A Local Habitation

Elliot stopped in front of a pale pink door with purple trim around the edges. It looked like something you’d see in a nursery school. “Here,” he said.

“Good.” I glanced between them. Elliot looked worn out; Alex seemed even worse. Coming back from the dead had revitalized him, but it was a false strength, and it was fading. Only Tybalt looked like he’d stand a chance in a fight. “You three wait here.”

“What?” they said, almost in unison. Tybalt’s eyes narrowed dangerously as Elliot said, “You’re insane if you think I’ll let you—”

“You’re not stupid. You know why I let Gordan leave, and you know why we’re here.” He nodded marginally, acknowledging my words. I continued, “I need to see April, alone, and I don’t want Gordan sneaking up on me. Three men on the door is safer than one, given Alex’s condition. If you see anything funny, scream.”

“And if you see anything ‘funny’?” asked Tybalt, eyes still narrowed.

“Then I’ll scream.”

“April doesn’t know you very well,” said Elliot, in a last bid to accompany me. “She won’t like you being in her room.”

“That’s her problem.” She came to me when she needed to cry. Somehow, I didn’t think it was going to be an issue. “Can you please just wait here?”

“We’ll wait,” said Tybalt, coldly. That, it seemed, was the end of it; Elliot and Alex looked away, no longer willing to argue.

“Good. Elliot, when I come back out, you’re going to tell me what Jan wanted me to know before she died.” I turned and stepped through the door, leaving him staring.

April’s room might have been better termed a generous broom closet. Most of the floor space was taken up by a tall machine that stood on a metal frame at the center of the room, humming contentedly. Cables connected it to power outlets on all four walls; they weren’t taking any chances. It was the sort of thing I’d come to expect. The rest of the room, on the other hand . . . wasn’t. I stopped just over the threshold, and stared.

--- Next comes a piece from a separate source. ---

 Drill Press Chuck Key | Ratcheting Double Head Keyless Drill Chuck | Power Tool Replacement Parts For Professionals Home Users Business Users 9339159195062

The walls were pink, with a border of stenciled purple rabbits on a white background. A bookshelf filled with computer manuals and kid’s books was up against one wall, next to a pink-and-white bookshelf piled with stuffed rabbits of every color imaginable. One of the rabbits was three feet tall, not including the ears, sitting on the floor next to the shelf with a red bow around its neck. A heart-shaped sign hung above the bookshelf, proclaiming this to be “April’s Room” in large cartoon letters. Add a bed and a dresser and it would have looked like the room of any normal, well-loved little girl. Damn. Just once, can’t the villains look suitably villainous?

No one was in the room. It took me three steps to reach the machine, feeling more like an intruder with every second that passed. I kept noticing details. The picture of Jan and April on the bookshelf, the geometric precision with which the rabbits were piled . . . the baby blanket wrapped snugly around the base of the server. Someone had worked very hard to give this airy nothing a local habitation and a name. Jan had loved her daughter so much.

“You’re here.” I hadn’t heard April materialize, but I was too tired to jump when she spoke behind me. Exhaustion makes you harder to surprise.

“Hey, April.” I turned slowly, so as not to betray how unsteady I was. “How are you?”

“Why are you here?” she countered. She was scowling, as annoyed as any teenager finding an uninvited adult in her living space.

“I thought I’d come see how you were.”

She narrowed her eyes. “I am fine. Why are you here?”

“I have some questions I think you can answer,” I said, leaning against the wall next to the shelf of plush rabbits. “At least, I hope you can.” I reached over to straighten one worn cotton bunny’s ear.

“Don’t touch that!” April vanished, reappearing next to me with a crackle of static as she snatched the rabbit out of my reach. Glaring over the top of its head, she said, “This is mine. My mother gave it to me.”